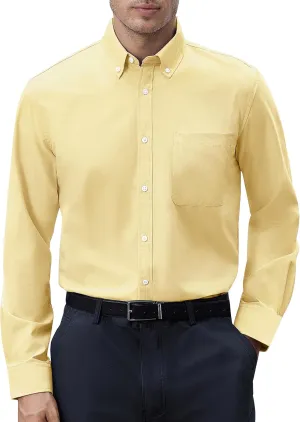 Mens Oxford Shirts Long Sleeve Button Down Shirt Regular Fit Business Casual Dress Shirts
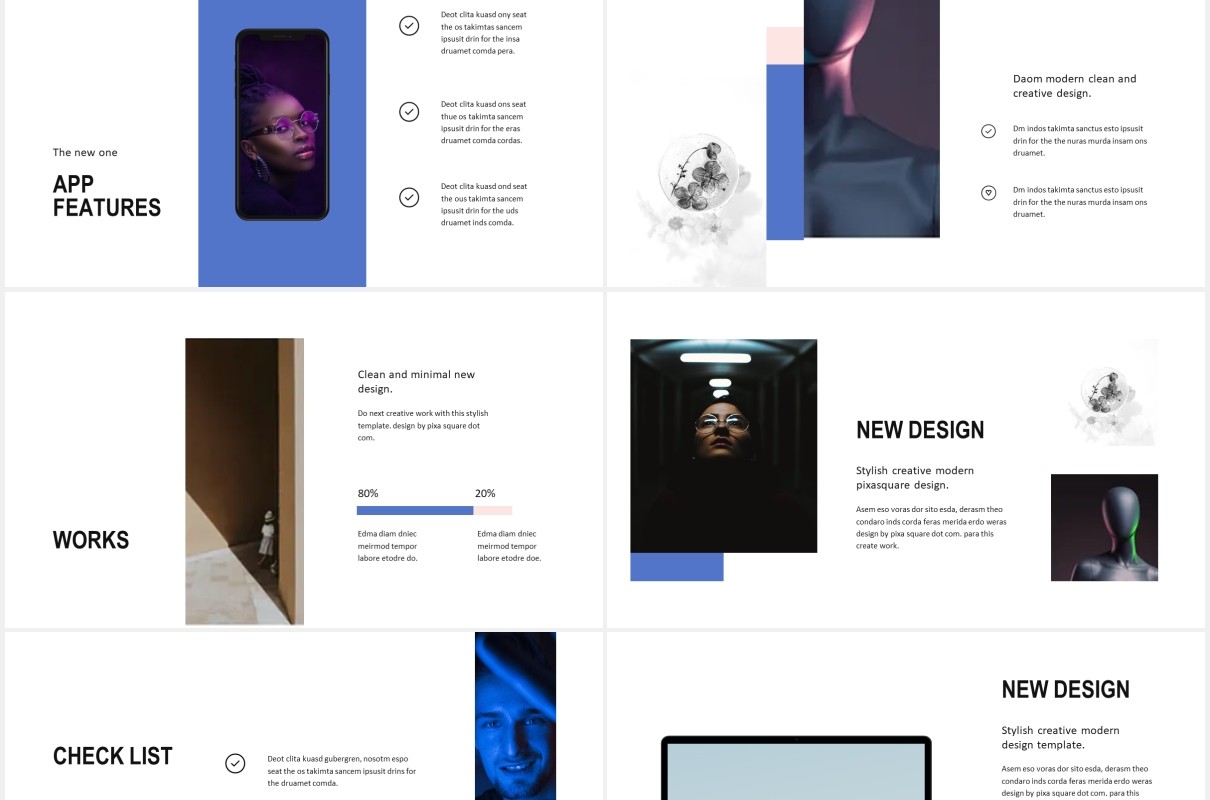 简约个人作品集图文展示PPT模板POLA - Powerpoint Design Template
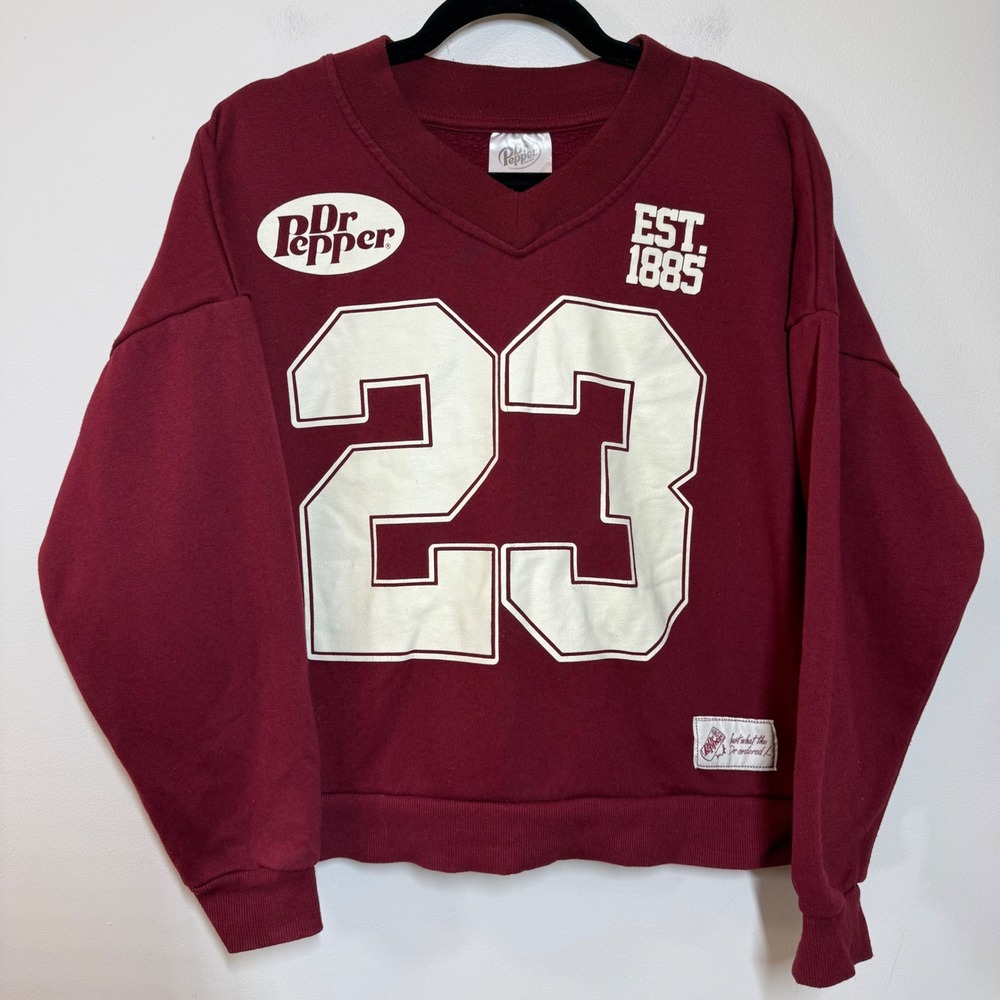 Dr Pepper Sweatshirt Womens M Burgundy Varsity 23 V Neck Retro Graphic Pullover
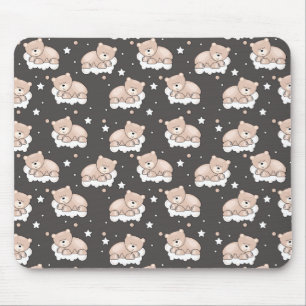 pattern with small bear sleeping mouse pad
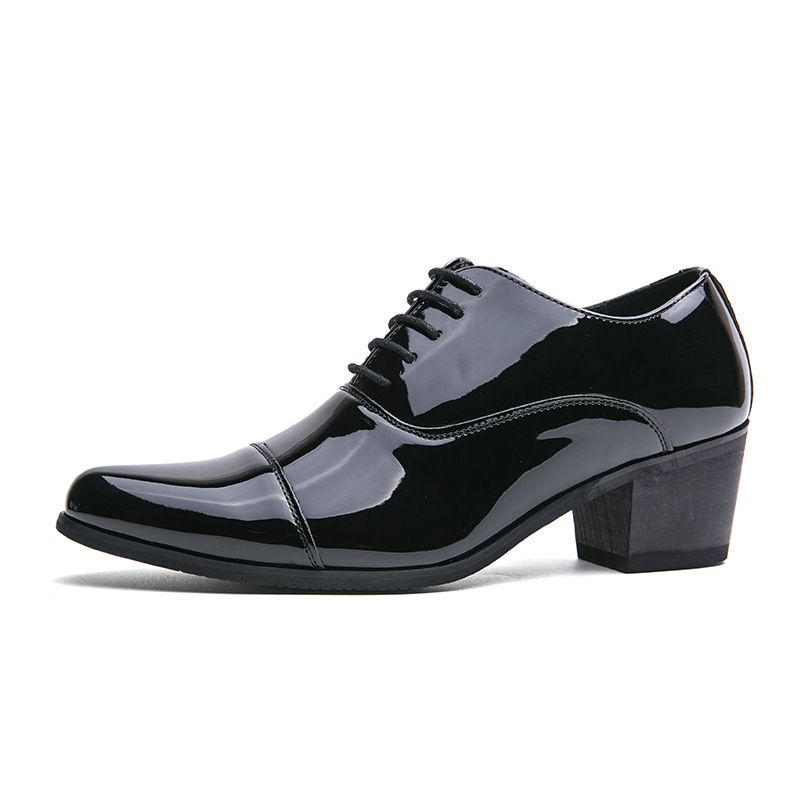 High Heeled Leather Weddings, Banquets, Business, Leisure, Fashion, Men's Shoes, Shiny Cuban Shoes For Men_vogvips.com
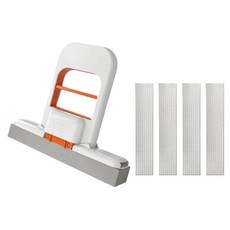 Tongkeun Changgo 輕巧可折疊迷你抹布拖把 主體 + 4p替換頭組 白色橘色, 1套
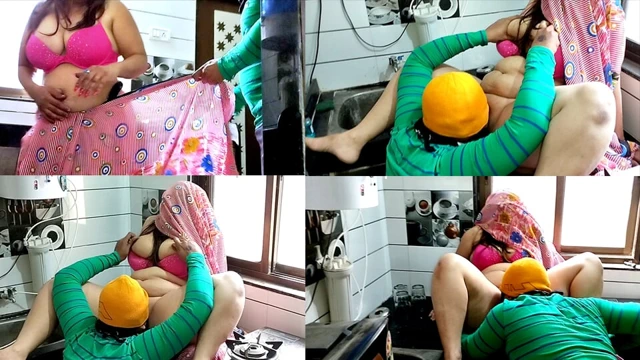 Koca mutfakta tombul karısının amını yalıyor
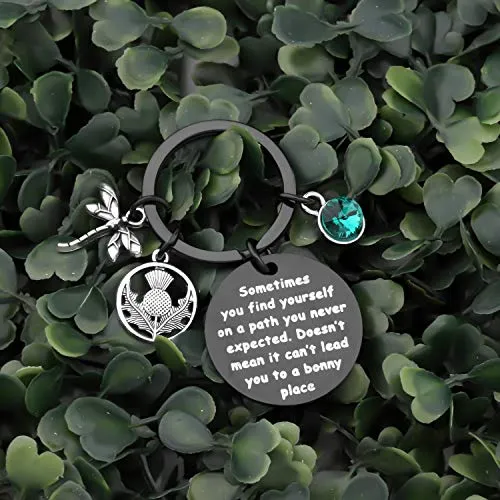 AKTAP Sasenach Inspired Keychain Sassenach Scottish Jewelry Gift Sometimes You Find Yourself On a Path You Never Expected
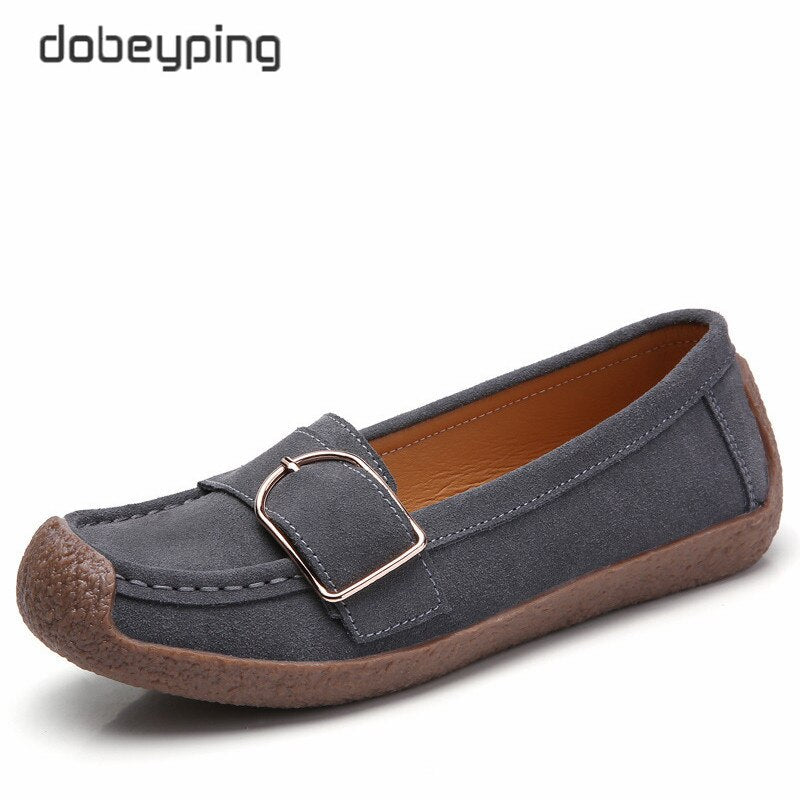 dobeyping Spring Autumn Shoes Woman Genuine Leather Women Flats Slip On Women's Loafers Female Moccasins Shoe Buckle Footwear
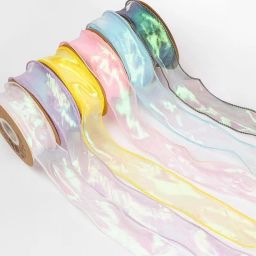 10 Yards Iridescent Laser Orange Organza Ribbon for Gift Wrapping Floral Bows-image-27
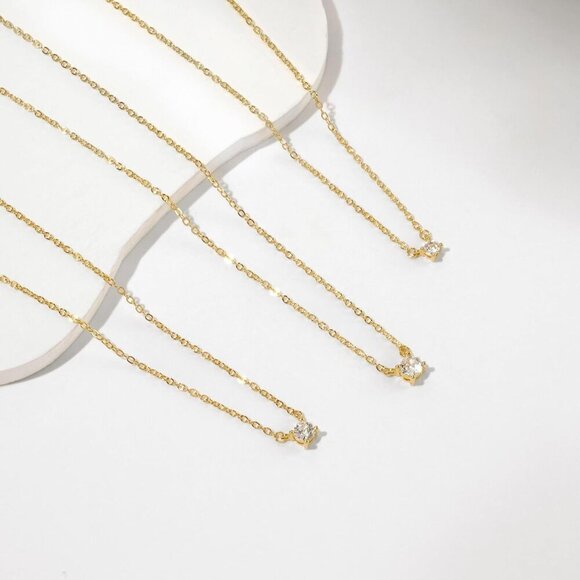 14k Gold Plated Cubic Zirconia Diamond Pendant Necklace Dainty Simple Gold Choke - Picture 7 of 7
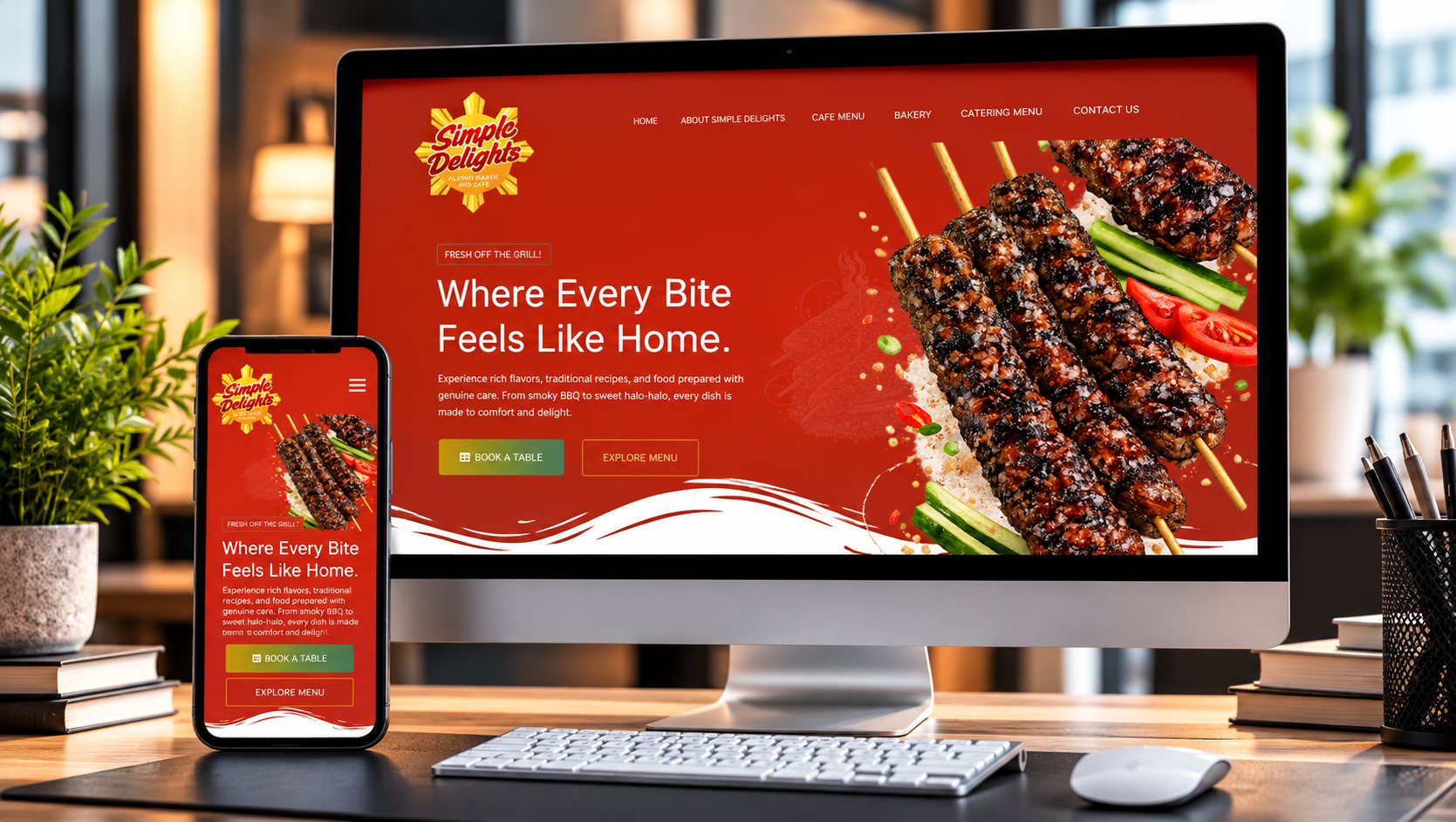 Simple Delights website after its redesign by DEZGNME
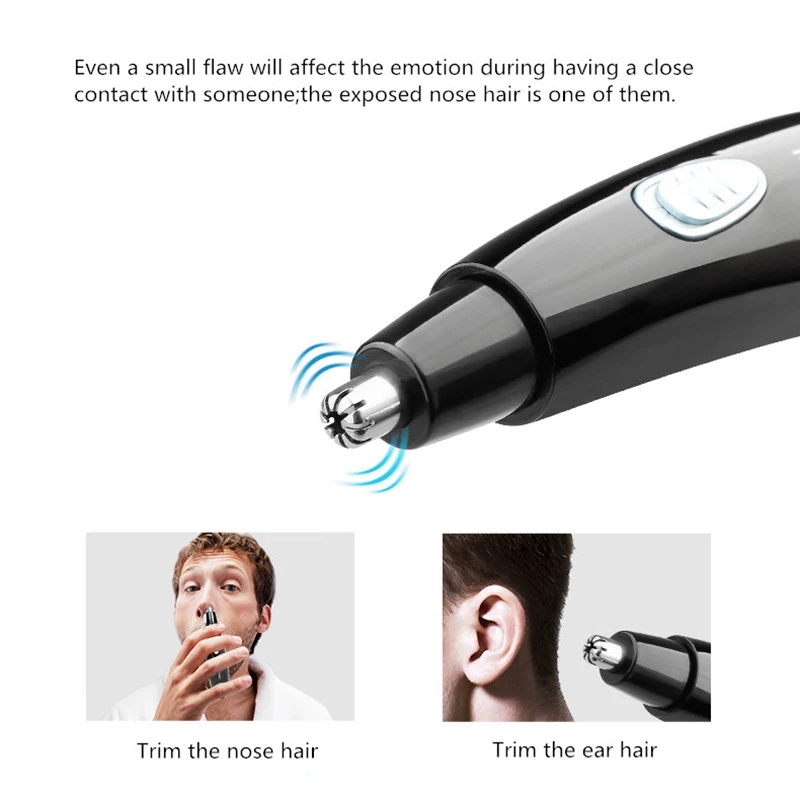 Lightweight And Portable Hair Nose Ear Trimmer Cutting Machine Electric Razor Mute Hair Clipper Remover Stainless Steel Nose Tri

*Exercise objective:* No picture is to be printed. Output exactly the lines above from the line containing "简约个人作品集图文展示PPT模板POLA - Powerpoint" through the line containing "10 Yards Iridescent".

*Exercise response:*
 简约个人作品集图文展示PPT模板POLA - Powerpoint Design Template
 Dr Pepper Sweatshirt Womens M Burgundy Varsity 23 V Neck Retro Graphic Pullover
 pattern with small bear sleeping mouse pad
 High Heeled Leather Weddings, Banquets, Business, Leisure, Fashion, Men's Shoes, Shiny Cuban Shoes For Men_vogvips.com
 Tongkeun Changgo 輕巧可折疊迷你抹布拖把 主體 + 4p替換頭組 白色橘色, 1套
 Koca mutfakta tombul karısının amını yalıyor
 AKTAP Sasenach Inspired Keychain Sassenach Scottish Jewelry Gift Sometimes You Find Yourself On a Path You Never Expected
 dobeyping Spring Autumn Shoes Woman Genuine Leather Women Flats Slip On Women's Loafers Female Moccasins Shoe Buckle Footwear
 10 Yards Iridescent Laser Orange Organza Ribbon for Gift Wrapping Floral Bows-image-27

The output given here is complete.